Clark, who was appointed Surveyor General by Acting Governor Estrada in 1811, had already had some experience in this office when John Purcell left office and never returned. It is speculated that he had some service as a deputy surveyor prior to his appointment, however, documentary evidence of this is lacking at this time. [L. B. Hill. “George J. F. Clarke, 1774-1836.” Florida Historical Quarterly. 21(Jan. 1943.): 213.] His early life had been spent, after the age of twelve, in the offices of the Panton Leslie & Company as an apprentice, which gave him some experience in travel, trade and land issues. By 1802, he had begun purchasing property of his own, aside from slaves, in St. Augustine, first a “marsh lot” and then a town lot which appears to have come with buildings. This lot was located strategically on Marine Street, between the barracks and the old powder magazine. This convenience to things military fitted into his role as a member of the Urban Militia. For whatever reason, he soon left St. Augustine for the confines of Fernandina, where the census of 1814 shows him with a wife and four sons. [Ibid. 212-13.] The famed Clarke Mill Grant was located there and shows clearly on the
official map of the town surveyed and drawn by George J. F. Clarke, in 1811-12. Clarke was instructed to make this map because of the unsanitary condition of the old town and its general unsightliness. According to the instructions of Governor Enrique White, Clarke was to lay down a regular plan of the city which would put the streets in proper alignment and all of the lots somewhat uniform. These same instructions also note that an individual who conformed to the new plan could freely move his house to the new lot and receive clear title, with the ability to sell the old lot (or remains thereof) as vassels of the King. Clarke was required to give certificates of proof before they could receive clear title. These lots, those now occupied, were reserved only for residents current to Clarke’s survey, not newcomers. Numerous grants were made within the new plan, especially to Charles W. Clarke, Flora Clarke, William Garvin, Felicia “a free woman of color”, Elizabeth Wiggins, a free mulatto and Anna Wiggins, all related to George J. F. Clarke, although not by marriage, as Clarke admitted that he had never married in his will. [Ibid. 199-200.]
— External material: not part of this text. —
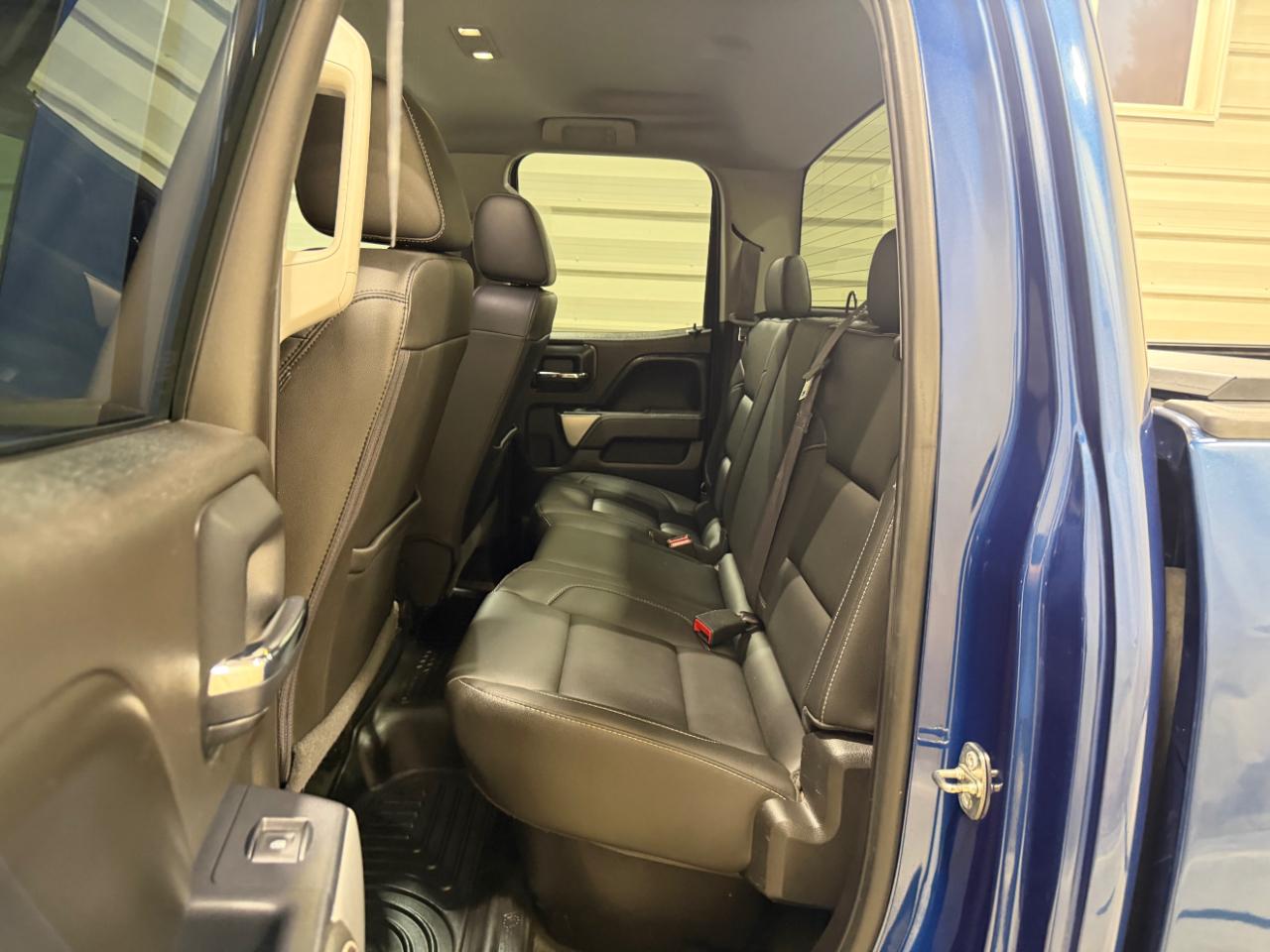 Chevrolet Silverado 1500 4WD Double Cab 143.5" LT w/2LT 2016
Each of the above named individuals were related to Clarke as brother, children, concubine or married to one of these, as in the case of Garvin. It is interesting to note that these people received numerous grants of land from the Spanish authorities throughout Clarke’s life. Garvin, as many know, received a grant mostly situated in Township 20 South, Ranges 34 and 35 East, just south of the Volusia and Brevard County line. The well-known Volusia County grant, the Clarke-Atkinson grant on Haw Creek, set some precedents when the Supreme Court ruled that:
The grant of Atkinson was for the land he mentioned in his petition,
or for any other lands that were vacant. Three surveys were made
of lands within the quantity granted, not at the place specifically men-
tioned in the grant, but at other places. Held, that these surveys were
valid, notwithstanding that they were made at different places.
[Peters 16. “The United States v. The Heirs of Clarke and Atkinson.”
The grant was for a total of fifteen thousand acres, but because the Governor, in the words of the grant, stated: “Consequently the surveyor-general will run them in the places he mentions; or in others that are vacant and of equal convenience to the party.” The U. S. Attorney General, Lagare’ argued, in vain, that this description was too vague to be valid and that there was no interest in them held by the Clarke family and that there was no authority to survey four different tracts to make up the total acreage. These points held little weight with the Supreme Court, which held, in the last named objection, that as the grant was for any vacant land, there was no restriction on the surveyor-general in deciding where, in the interests of the Crown, he was to situate the final portions of the grant. [Ibid. 231.] Clarke, and his extended family connections, benefited from such liberal rulings by the Supreme Court. As Louise B. Hill noted in her biographical sketch of Clarke, “Indeed, so numerous were their grants, together with those confirmed to Honoria Clarke at an earlier date, that they fill four pages in American State Papers/Public Lands.” [Hill. 217.]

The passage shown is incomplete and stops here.